Sim, depois a gente vê. E não é sempre assim na terra da malandragem? Eis justamente o tema do meu novo livro, Brasileiro é Otário? – O alto custo da nossa malandragem, que foi editado com muito talento por Andreazza. Gostamos do improviso, rejeitamos esses chatos organizados que pensam no futuro, somos cigarras felizes dando um “jeitinho” para sobreviver cantando até amanhã. Não gostamos de contas, de fatos, da dura realidade. Preferimos as emoções do “aqui e agora”. E depois a gente vê…
E vê mesmo! Vê, por exemplo, os bandidos dominando a cidade. Vê pobres morrendo nos hospitais públicos como moscas. Vê, ainda, os alunos sendo deformados por doutrinação ideológica e ficando na rabeira dos rankings internacionais. Vê os impostos aumentando e a inflação nas alturas. Vê também o trânsito caótico e mortes, muitas mortes nas estradas. Enfim, vê o caos que resta depois da fantasia.
Brasileiro não sabe analisar o custo de oportunidade das coisas.
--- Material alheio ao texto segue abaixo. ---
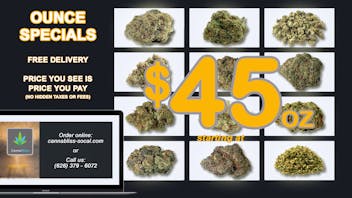 Trestl Ounce specials starting @ $45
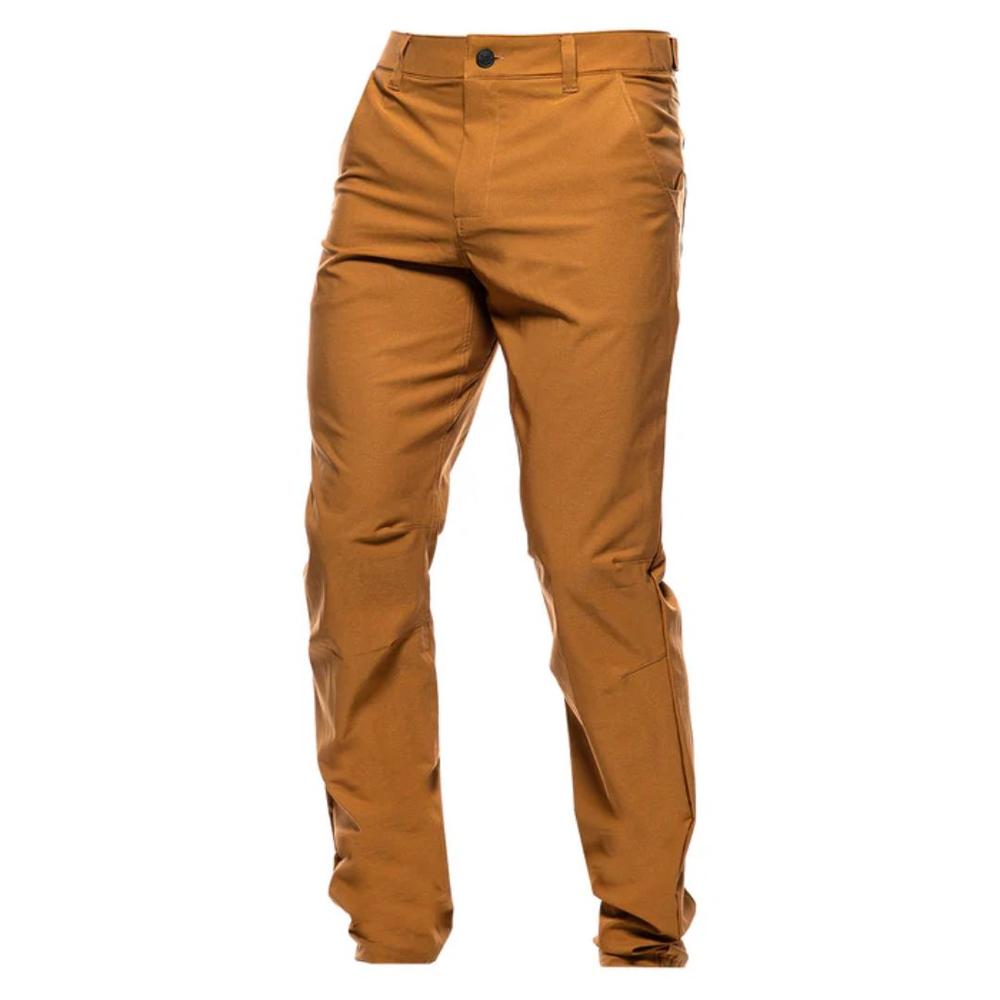 Fasthouse Men's Kicker Pants CAMEL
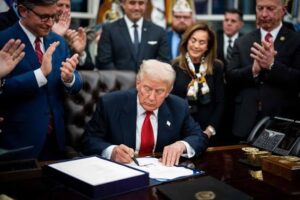 Congress Meltdown: New Bill Splits Washington in Half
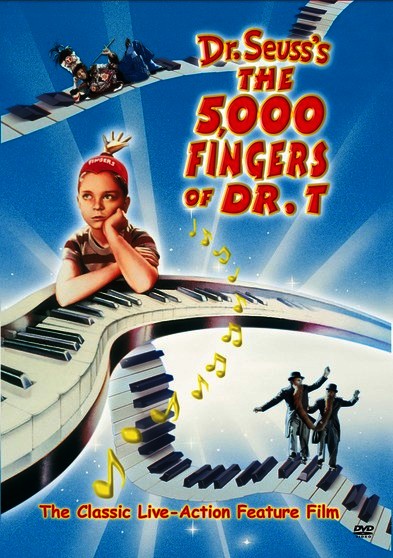 5000 Fingers of DR. T, The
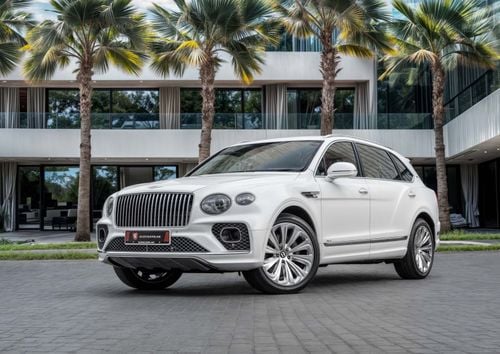Bentley Bentayga Bentayga | 16,842 P.M | 0% Downpayment | Bentayga Azure | Bentley Warranty!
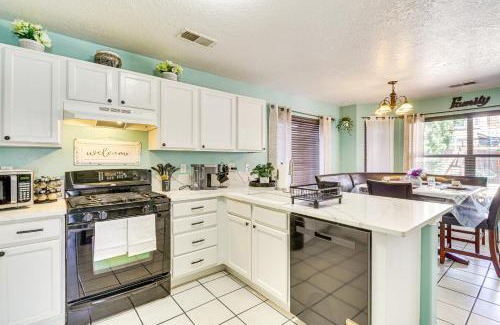 Ventana Ranch House | 11 Mi to River of Lights Family Home with Yard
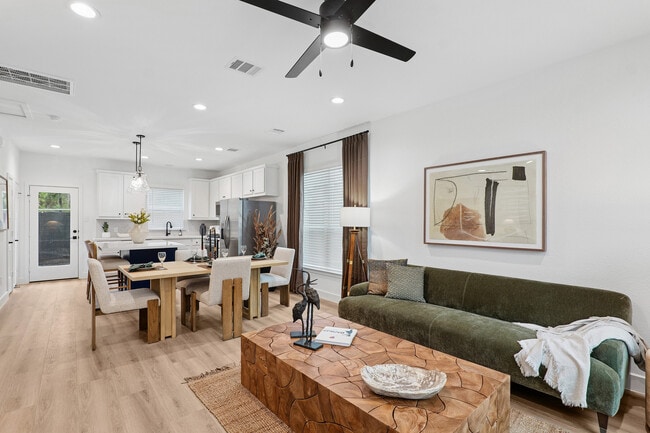 Ellery Lane Apartments Interior - Ellery Lane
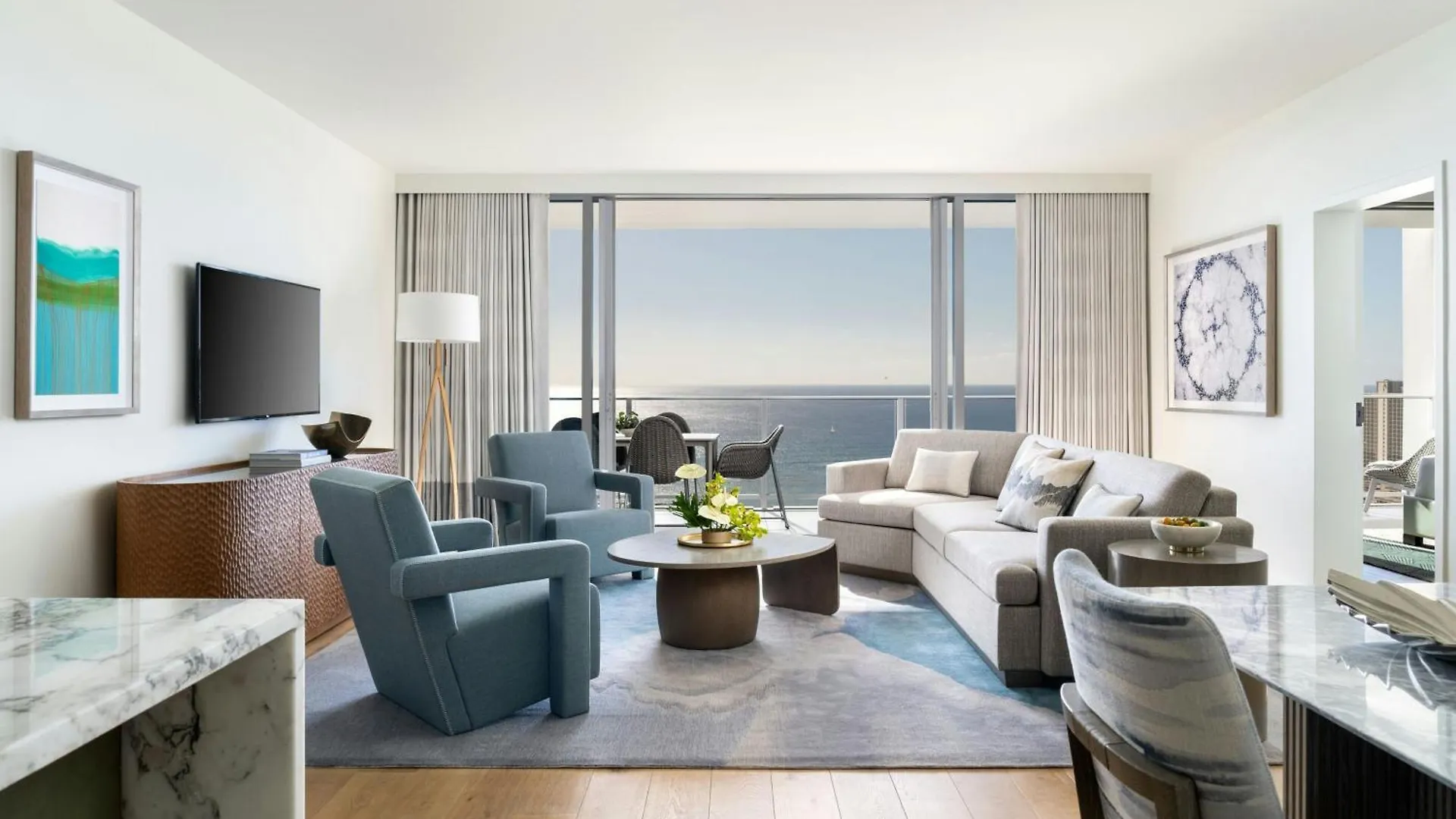 The Ritz-Carlton Residences, Waikiki Beach Hotel Honolulu États-Unis
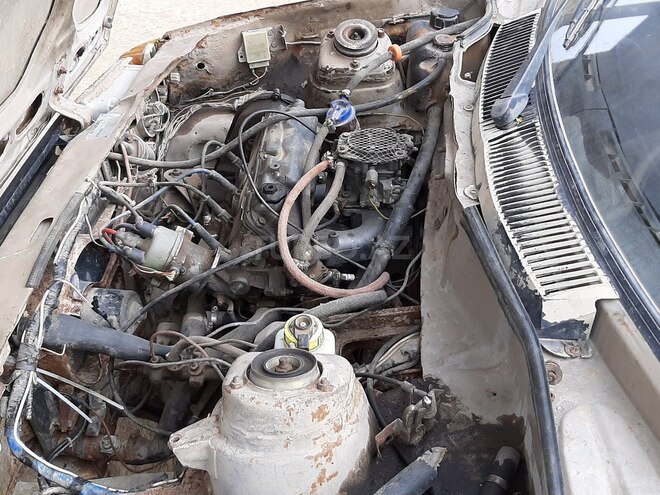 ZAZ Tavriya 1991, 180,000 km - 1.5 l - Şirvan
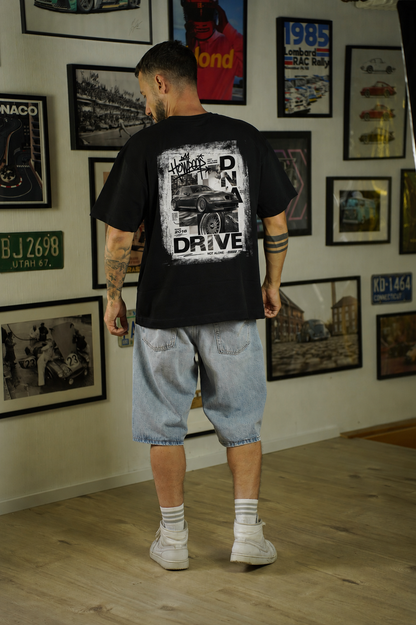 CMSZ3 Shirt - Premium T-Shirt Schwarz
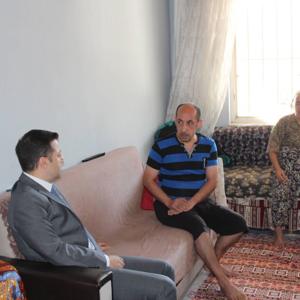 6 Ekim Dünya Serebral Palsi Günü Aile Ziyaretleri - fotoğraf 3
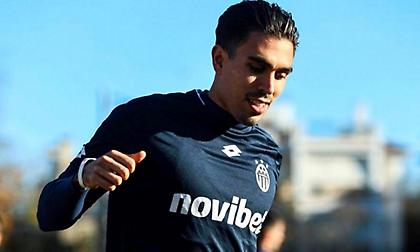 Με Κλωναρίδη στο Περιστέρι η Κηφισιά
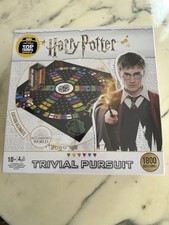JEU TRIVIAL PURSUIT HARRY POTTER édition Ultimate 1800 questions NEUF S BLISTER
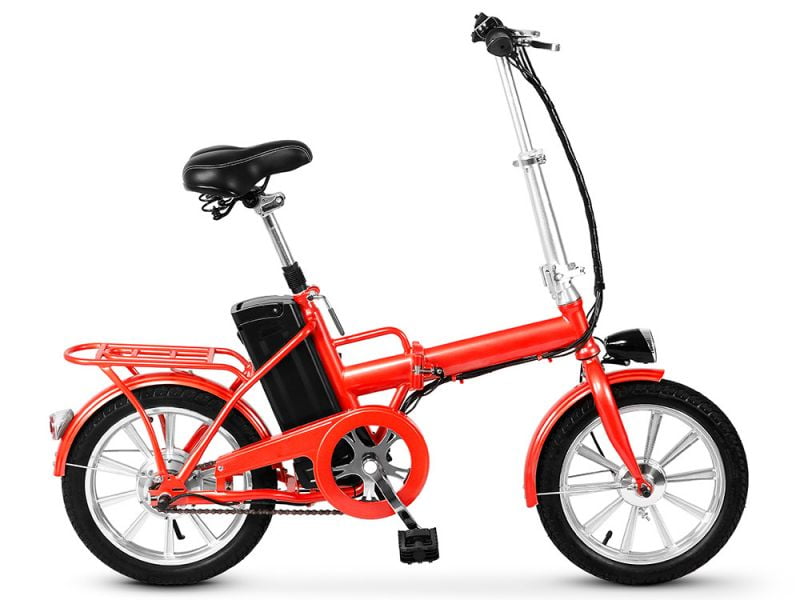 Электровелосипед Unimoto MINI 250W 36V/10,5Ah Электровелосипед Unimoto MINI 250W 36V/10,5Ah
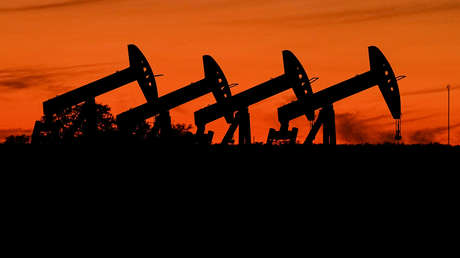 Las importaciones chinas de crudo de EE.UU. se están reduciendo prácticamente a cero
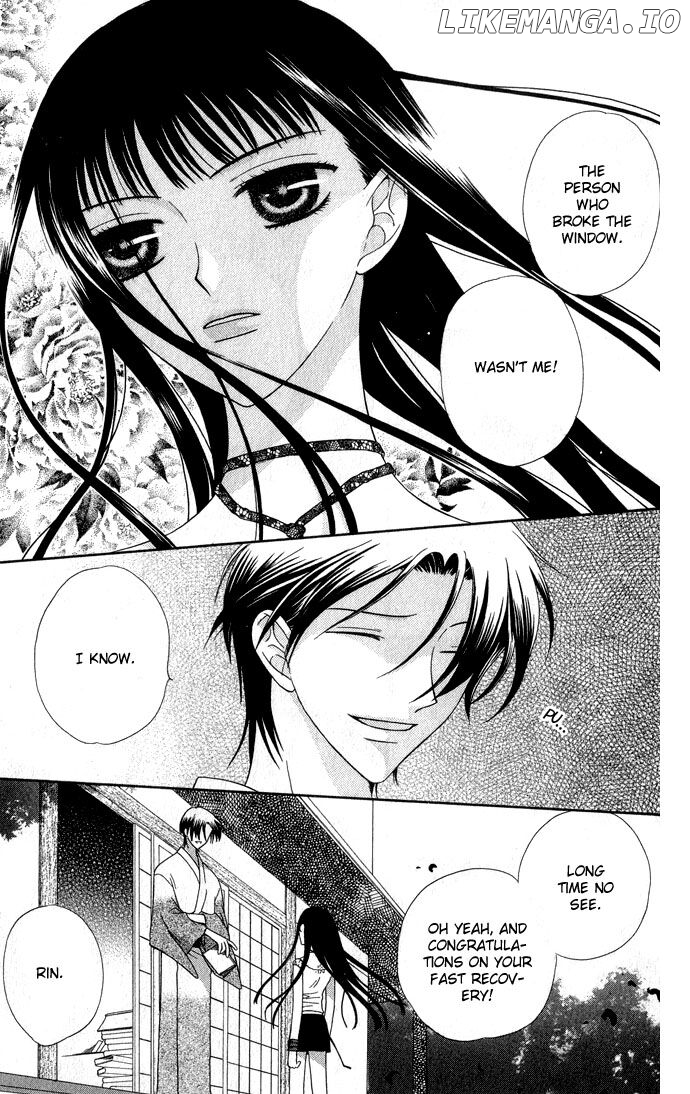 Fruits Basket Another chapter 53 - page 24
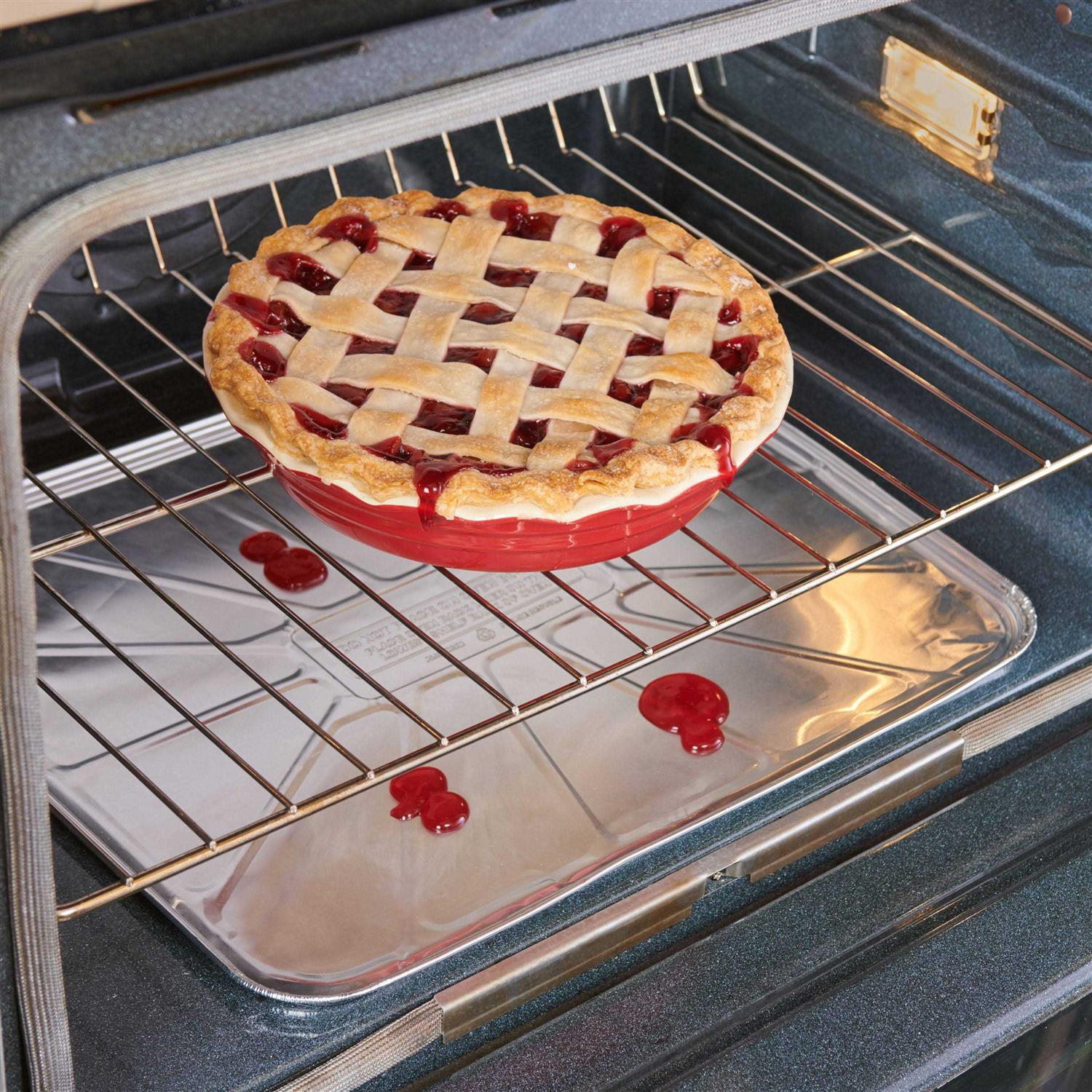 EZ Foil Oven Rack Liner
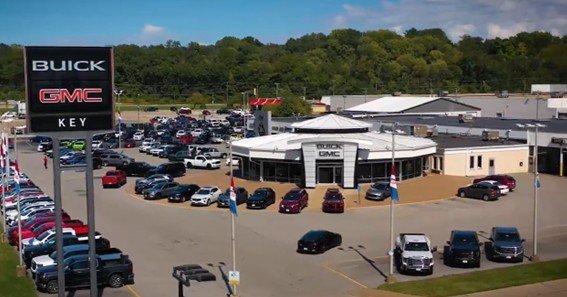 key auto mall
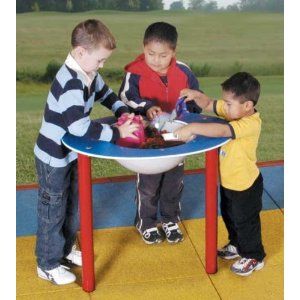 Rpe-5040db Single Sand And Water Table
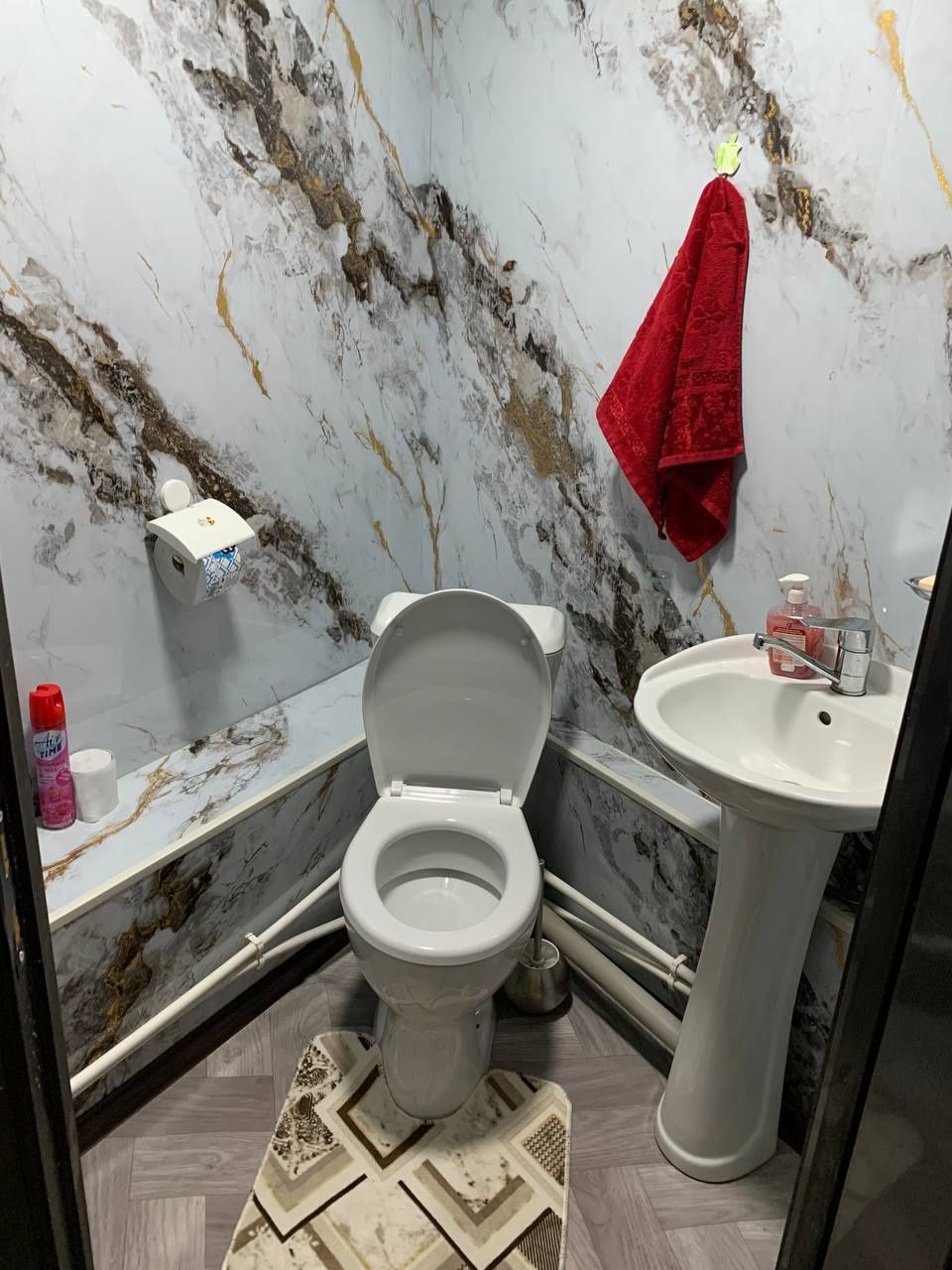 Коттедж 3 этажа Дагбетская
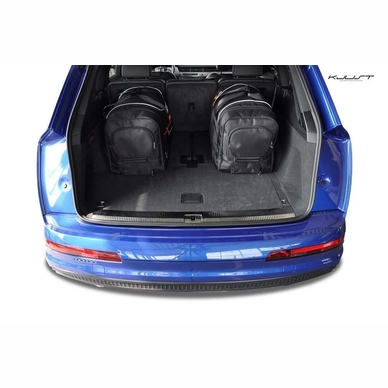Tassenset Kjust Audi Q7 2015+  (5-delig) Variant I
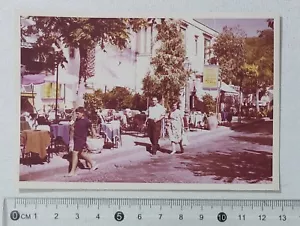 92362 FOTO d'epoca 0560 - Napoli Ischia 1963 - Foto 1 di 2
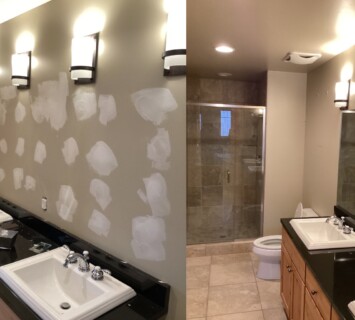 Bathroom Remodel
É um espanto! Quando debatem sobre o legado da Olimpíada, por exemplo, mencionam o metrô, o VLT, o Porto Maravilha, as arenas, mas nunca questionam o básico: quanto custou isso e como estaria o estado se os recursos escassos fossem utilizados em outras áreas, talvez mais prioritárias? Custo de oportunidade é aquilo que deixamos de fazer para realizar algo. O custo de oportunidade de estar casado, por exemplo, é “não pegar todas as mina”, como diria um paulista.
Não quer dizer que não compense. Mas a análise deve ser feita de forma séria, realista. Não basta olhar para as vantagens do que se está julgando; é preciso também olhar para as alternativas. É assim que empresários fazem o tempo todo na hora de avaliar investimentos: comparam as diferentes opções. E não basta depois alegar que o investimento deu retorno para julgá-lo como positivo; é necessário verificar se ele deu mais retorno do que daria nas alternativas abandonadas. Custo de oportunidade.
Quem fez uma tentativa de cálculo sério sobre o custo de oportunidade da Olimpíada? É verdade que nunca é algo trivial, pois não sabemos em que exatamente a montanha de recursos teria sido investida. São conjecturas. Mas qualquer análise séria terá de levar em conta isso. Ignorar esse detalhe é fazer como os nacionalistas bobocas que amam a Petrobras e justificam sua situação de estatal “porque dá lucro”. Não!
O lucro não garante que o país estaria pior sem a estatal. A pergunta de gente séria é: como estaria o Brasil sem a Petrobras estatal, com várias empresas privadas competindo nesse setor? Ninguém sério acha que estaria pior, por isso a defesa da privatização. Em outras palavras, o custo de oportunidade de se manter a Petrobras uma estatal é alto demais.
Cultura do feriado, improviso, foco no curto prazo, mais emoções do que razão e ignorância acerca do conceito de custo de oportunidade: somos ou não otários? O resultado está aí: aproveitem bem os jogos, porque depois vem a fatura. E o Rio está quebrado, literalmente quebrado.